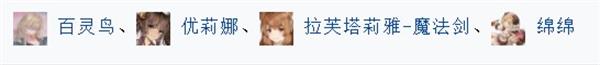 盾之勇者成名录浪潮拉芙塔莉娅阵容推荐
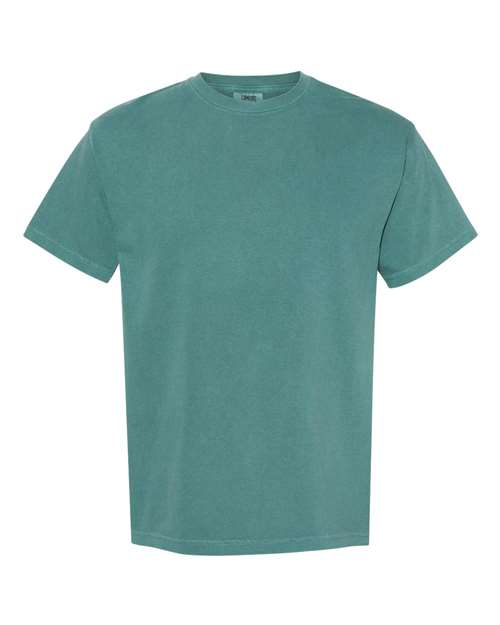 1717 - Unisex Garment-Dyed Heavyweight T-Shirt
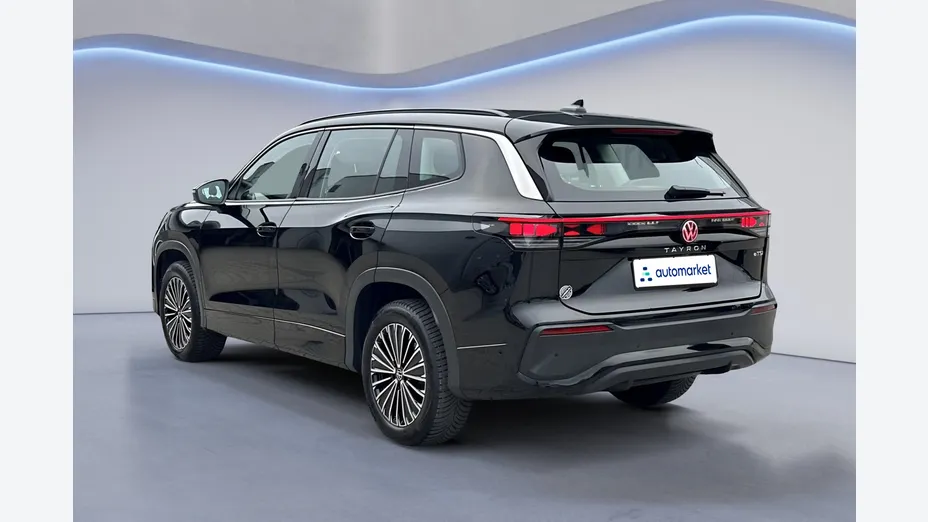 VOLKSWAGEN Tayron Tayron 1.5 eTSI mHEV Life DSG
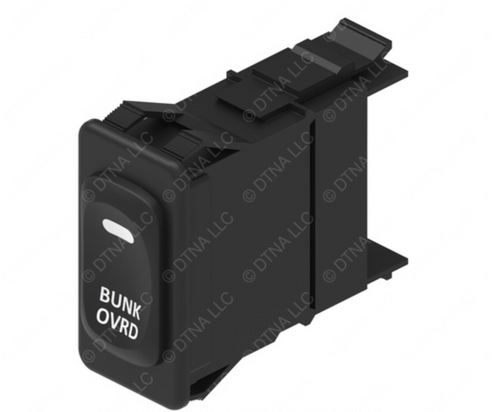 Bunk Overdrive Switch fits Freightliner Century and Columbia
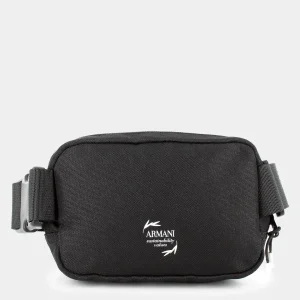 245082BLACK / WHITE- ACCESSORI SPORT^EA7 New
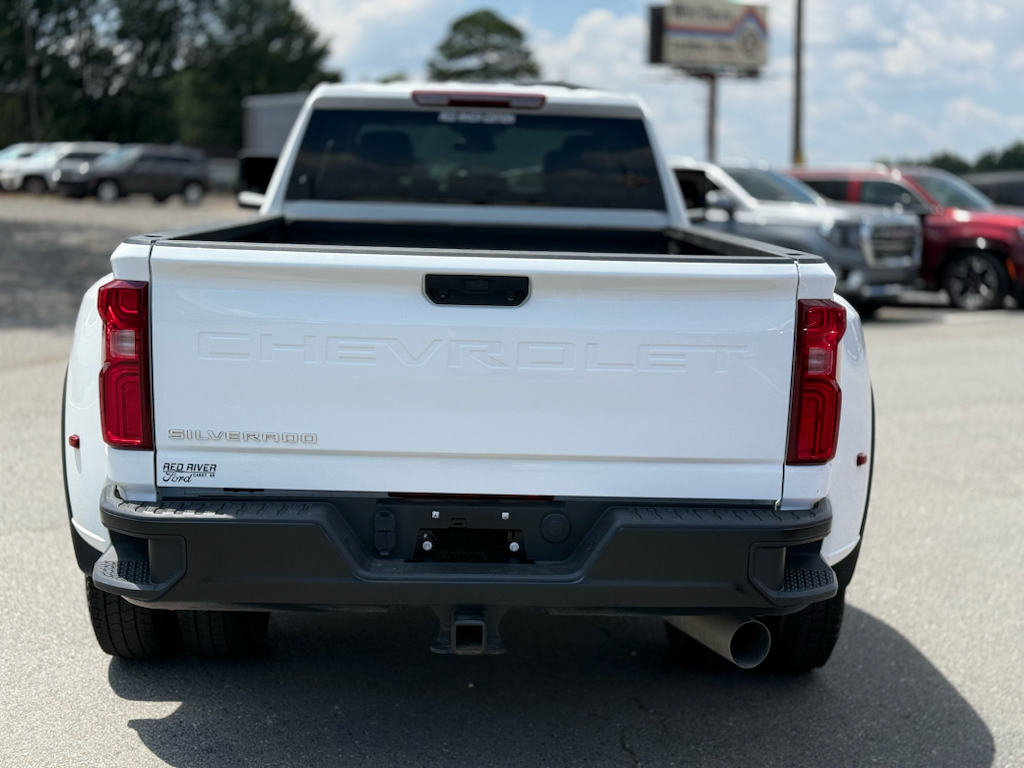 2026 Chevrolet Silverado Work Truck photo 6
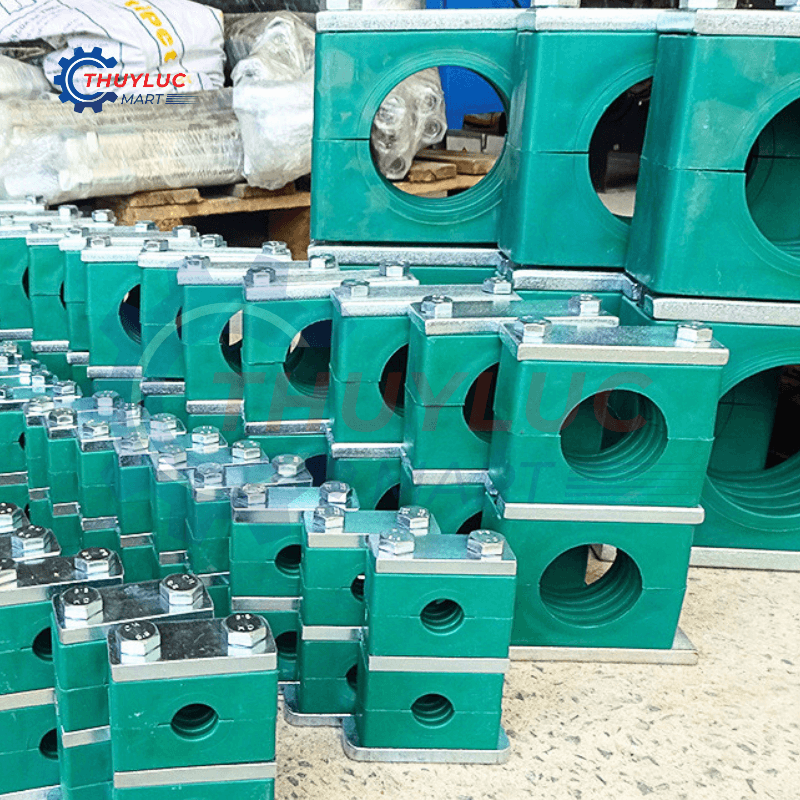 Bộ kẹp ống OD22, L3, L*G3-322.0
- - - - - - -
Problem details: Every line from the one containing "Bunk Overdrive Switch" through the end of the entries above, both included, should be extracted exactly, with pictures left out.

Answer section:
 Bunk Overdrive Switch fits Freightliner Century and Columbia
 245082BLACK / WHITE- ACCESSORI SPORT^EA7 New
 2026 Chevrolet Silverado Work Truck photo 6
 Bộ kẹp ống OD22, L3, L*G3-322.0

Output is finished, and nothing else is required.